We are not a “Sunday morning only” crowd. By seeking God together, we develop intentional communities that serve our neighbors and the world. In this process we cultivate relationships that allow each other to speak the Word of God into each others’ lives. 

The Bible uses the imagery of iron sharpening iron to describe how community refines us. This is the hot crucible where Christ’s life-renovating work happens. And as it happens, we see God’s glory reflected more and more in the faces of our community. 

We seek to engage in the final work and mission that Jesus Christ left for His followers when he said, “go and make disciples for me from all the peoples of the earth” (Matthew 28:19). 

We are meant to proclaim – in word and deed – the Good News of God’s Kingdom and His reconciling Love in our community and throughout the world. While worship is the only activity of the Church that lasts into eternity, mission is the only activity that can only be done here and now. This is where we take the life changing work that Jesus is doing in our lives and share it with others, inviting them to come and be changed too and extend it to the world.


OUR CORE VALUES

  • It’s no accident that we use the Table as our central metaphor. Christ has extended His invitation to all people, and we extend it in turn - in our Sunday gatherings and in the rest of our lives. We not only enjoy but want to invite one another into our lives, because again: gathering is not just about food and fun - it is about reminding one another of the hope we have in Christ.

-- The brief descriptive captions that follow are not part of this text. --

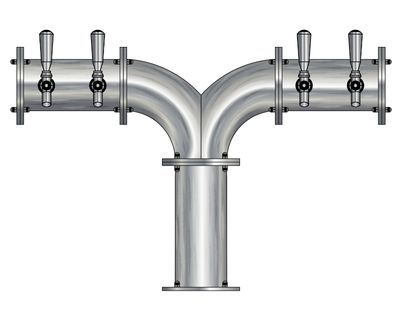 4 TAP(4"OC)BRUSHED SS ALBATROSS CH-MX CLD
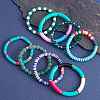 8Pcs 6 Style Synthetic Imperial Jasper & GLass Beaded Stretch Bracelets Set BJEW-SW00086-05-6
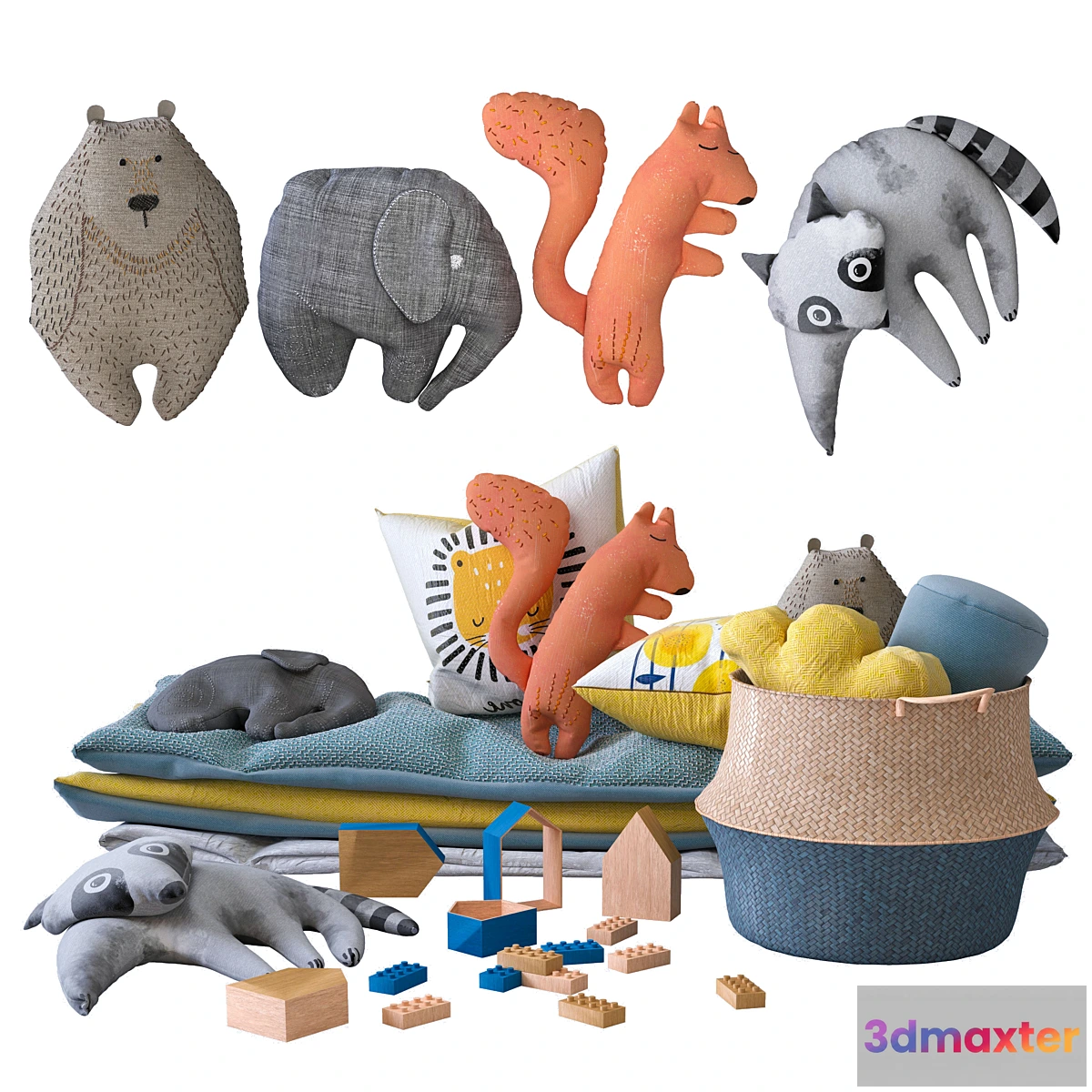 1415100 - Toys And Furniture Set - 01 3D Max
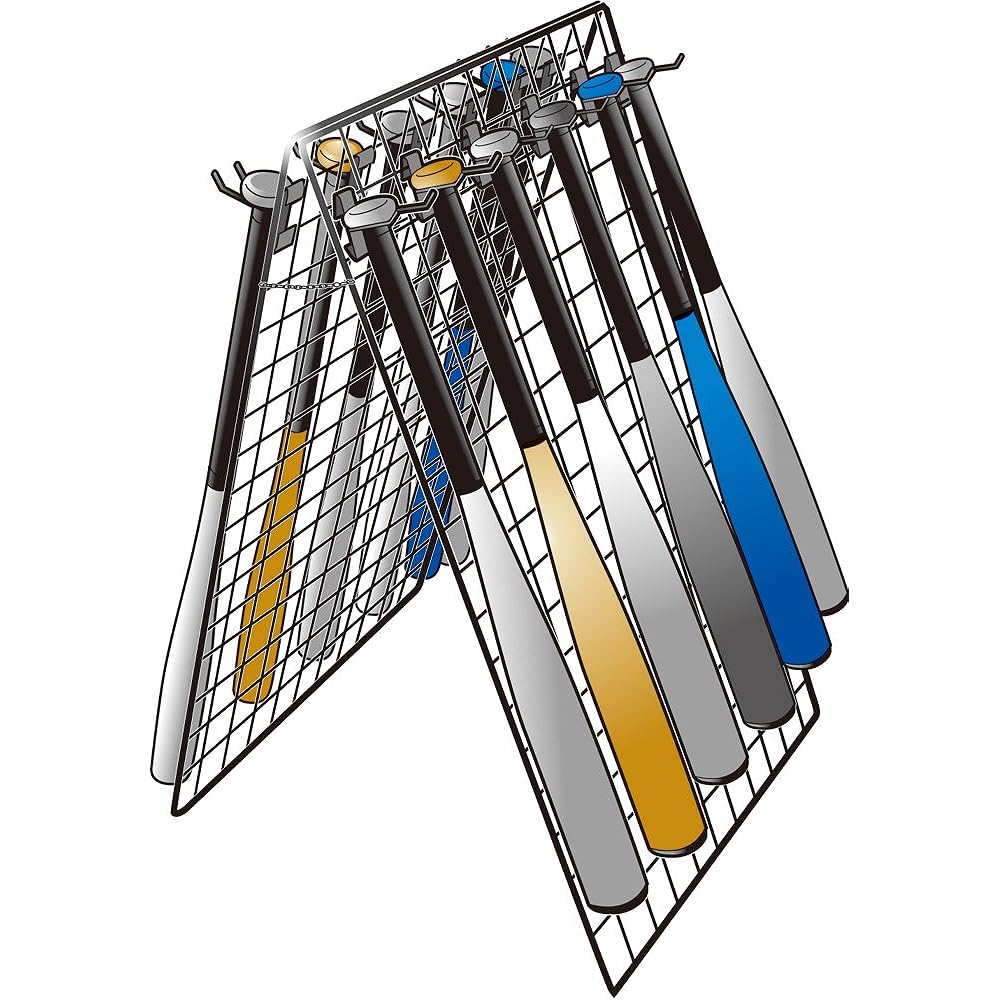 UNIX Baseball Bat & Helmet Hanger E-NET BX72-89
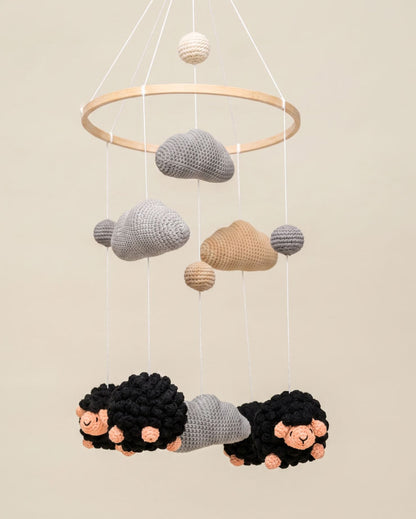 Baa Baa Black Sheep Cot Mobile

  • In this context, “integrity” means “commitment to the gospel.” We want to talk about real hope, not false hope. And if this is really where our hope lies, it is going to be reflected in our worship on Sunday morning and our lives during the rest of the week.

  • As a response to the gospel and a sign of where our hope truly lies, we will be generous. This posture is both counter-cultural in a world that often puts hope in material possessions, and an outpouring, in love, of the hope we have been given.

  • When we celebrate what Christ has done for us, it is worth it to do it well. This is particularly expressed in the beauty of our worship, but we are also a people who value beauty. God has made beautiful things out of us, and we in turn are a community with a deep sense of His beauty in both the simple and the grand spaces of life and worship.